I loved the writing. So very simple but filled with such emotional depth that I had to take a couple of moments to get past the moment before delving into the story again.
Kitty is portrayed as a silly woman, who knows nor cares for the meaningful things in life. She isn't intelligent but has the looks and marries Walter, knowing that he loves her much more than she is capable of returning the emotion.
"I tried not to bore you with my love; .... and I was always on the lookout for the first sign that you were impatient with my affection. What most husbands expect as a right I was prepared to receive as a favor." - Walter (when confronting her of her infidelity)
Kitty pretty much takes him for granted through the first quarter of the book -
"...perhaps Walter loved her so passionately that he was prepared to accept any humiliation is sometimes she would let him love her."
It is only after Townsend's rejection of her that she realizes and appreciates, to a certain degree, Walter's character. She doesn't grow to love him, but she does learn to respect him. His compassion for little children and the people of a dying town make him every bit the man that Townsend can never be. But he remains that man that Kitty can never love.

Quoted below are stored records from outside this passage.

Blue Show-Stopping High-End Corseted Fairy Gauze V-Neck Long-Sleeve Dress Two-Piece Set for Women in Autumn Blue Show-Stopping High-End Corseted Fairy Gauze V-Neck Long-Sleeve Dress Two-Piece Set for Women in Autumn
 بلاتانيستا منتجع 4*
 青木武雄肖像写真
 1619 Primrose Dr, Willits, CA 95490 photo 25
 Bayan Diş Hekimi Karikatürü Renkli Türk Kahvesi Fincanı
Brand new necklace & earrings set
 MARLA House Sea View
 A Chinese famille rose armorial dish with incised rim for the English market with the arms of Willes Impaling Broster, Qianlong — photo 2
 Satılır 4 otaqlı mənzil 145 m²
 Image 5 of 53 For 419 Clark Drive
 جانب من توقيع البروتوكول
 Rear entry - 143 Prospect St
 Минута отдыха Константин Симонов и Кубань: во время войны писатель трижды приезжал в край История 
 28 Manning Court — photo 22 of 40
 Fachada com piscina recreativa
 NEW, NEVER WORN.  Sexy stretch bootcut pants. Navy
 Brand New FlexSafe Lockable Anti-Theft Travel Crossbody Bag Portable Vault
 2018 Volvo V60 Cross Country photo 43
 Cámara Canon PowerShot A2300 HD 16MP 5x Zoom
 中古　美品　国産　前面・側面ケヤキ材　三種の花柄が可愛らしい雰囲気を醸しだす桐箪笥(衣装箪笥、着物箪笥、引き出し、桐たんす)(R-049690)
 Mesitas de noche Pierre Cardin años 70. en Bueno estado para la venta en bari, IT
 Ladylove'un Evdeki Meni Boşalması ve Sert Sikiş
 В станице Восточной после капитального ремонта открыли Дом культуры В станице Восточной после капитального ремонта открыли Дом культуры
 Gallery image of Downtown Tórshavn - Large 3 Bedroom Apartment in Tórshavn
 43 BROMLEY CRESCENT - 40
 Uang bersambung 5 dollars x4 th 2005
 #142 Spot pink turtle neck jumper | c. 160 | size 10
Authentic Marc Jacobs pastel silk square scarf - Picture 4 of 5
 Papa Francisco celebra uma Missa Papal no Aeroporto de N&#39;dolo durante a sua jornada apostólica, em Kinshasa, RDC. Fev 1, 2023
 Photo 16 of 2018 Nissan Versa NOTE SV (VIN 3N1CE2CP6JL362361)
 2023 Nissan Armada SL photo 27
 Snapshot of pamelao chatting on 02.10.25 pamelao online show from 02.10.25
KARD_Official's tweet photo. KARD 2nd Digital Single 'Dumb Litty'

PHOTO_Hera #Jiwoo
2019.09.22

It's wonderful reading this book because you know that a man has written it from a woman's perspective. The feminist in me cries in protest at the portrayal of the protagonist, obviously. But Maugham, in very precise sentences, lays out all of a woman's emotions - which are supposed to be difficult to understand! He minces no words when Kitty reasons quietly why she could never love a man like Walter. She knows that others would hate her for it as he dies a martyr's death and though she respects him she acknowledges that for her it living life with him would have been terribly. They wouldn't have made each other happy, even though he once loved her.
I like the character of Waddington, a British deputy commissioner stationed in Mei-Tan-Fu. He is written to be shrewd (in fact, all characters except Kitty and Townsend seem to be rather perceptive) but doesn't let on more. Walter elicits sympathy - though the story does focus more on him through Kitty. His last words - "The dog it was that died" - (from Oliver Goldsmith's An Elegy on the Death of a Mad Dog) are as enigmatic as the man himself. Simple but to the point, still.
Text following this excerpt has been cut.